Am Sonntagmorgen wurde um 10:15 Uhr gelost und es ergab die denkbar ungünstigste Spielreihenfolge von Spiel 1 und 3 aus Sicht der Zuschauer. Dennoch hielt der treue Anhang durch und unterstützte den ESV. In Spiel 1 ging es gegen den vermeintlich stärkeren Gegner von VC Teltow-Kleinmachnow, welcher als Tabellenführer der Landesliga-Nord in die BBL aufsteigen kann. Das Spiel spiegelte von Beginn an diese Konstellation wieder. In einem ersten Satz mit ständigen Führungswechseln behielten die Elsterstädter am Ende die Nerven und drehten einen 18:22-Rückstand in einen 26:24-Satzsieg! Eine starke Punkteserie von 8:6 auf 15:6 stellte die Vorentscheidung in Satz zwei dar. 25:22 hieß es am Ende. Der dritte Satz ging dann verdient mit 24:26 an den VCT, weil die Hauptangreifer der Gäste in der Schlussphase ihre Chancen nahezu fehlerfrei verwerteten. Der ESV hatte aber in diesem Spiel seinen Rhythmus gefunden, verstärkte den Block punktuell und zog bei 15:15 auf 20:15 davon. VCT konnte diese Lücke nicht mehr schließen und es gab den 3:1-Sieg bei 25:19.

VCT schlug den Potsdamer VC 91 anschließend mit 3:1, sodass zwei Sätze zum sicheren Erreichen der Endrunde notwendig waren.

In einem ersten Satz, der nahezu gnadenlos durchgespielt wurde, zeigten die ESVler ihr bestes Gesicht und siegten kompromisslos mit 25:12. Leider war das nicht der Garant für eine schnelle Entscheidung, denn Potsdam wurde beim 15:25 förmlich eingeladen wieder in das Match zu finden. Elsterwerda war nun raus und musste nach einem zunächst ausgeglichenem Satz mit 21:25 den 1:2-Rückstand hinnehmen. Jetzt hatte der PVC viel Lust auf mehr, obwohl es für ein Weiterkommen aufgrund der kleinen Punkte nicht mehr reichen konnte. Anders stellte sich die Situation beim ESV dar, denn selbst eine sehr knappe Satzniederlage hätte das Ausscheiden bedeutet (3 kleine Punkte fehlten). VCT hatte vorher besser gepunktet. Gegen 17:00 Uhr herrschte also Pokalstimmung und so verlief auch dieser Satz. Potsdam führte über 11:7, 13:10, 20:19 bis 24:21 ständig, hatte dann aber nicht die Nerven das Spiel zu Ende zu spielen.
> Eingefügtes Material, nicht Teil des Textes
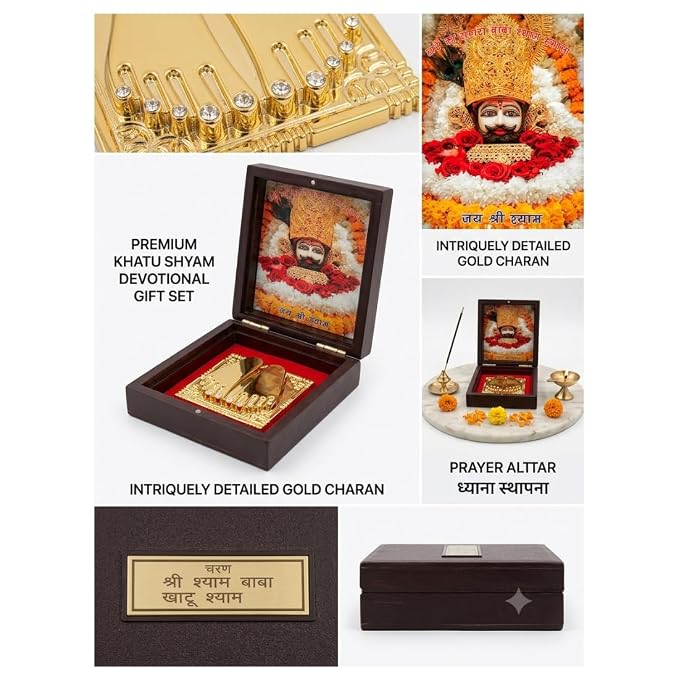 Khatu Shyam Ji Golden Charan Paduka with Photo Box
Ein Angriff, vier gute Aufschläge, ein gut postierter Block und der Siegeswillen des ESV drehten das bereits verlorene Match zum 26:24. Die Endrunde war denkbar knapp, aber wenn man den ganzen Tag betrachtet, verdient erreicht. Für die Sportkrimifreunde wurde eine Zugabe in Satz fünf „ausgestrahlt“, denn der ESV siegte hier mit 18:16 und holte damit den zweiten Sieg des Tages, was in dieser Saison ebenfalls eine Premiere war.

Es gibt nach wie vor „Einbrüche“ im Spiel der ESV 94-Volleyballer, aber 2015 hat so schlecht nicht begonnen. Die Lichtblicke überwiegen, auch wenn es nächste Woche zur Ligaspitze geht und die Gefahr besteht, dass wieder dunkle Wolken aufziehen könnten. Das Team beginnt seinen Weg zu gehen.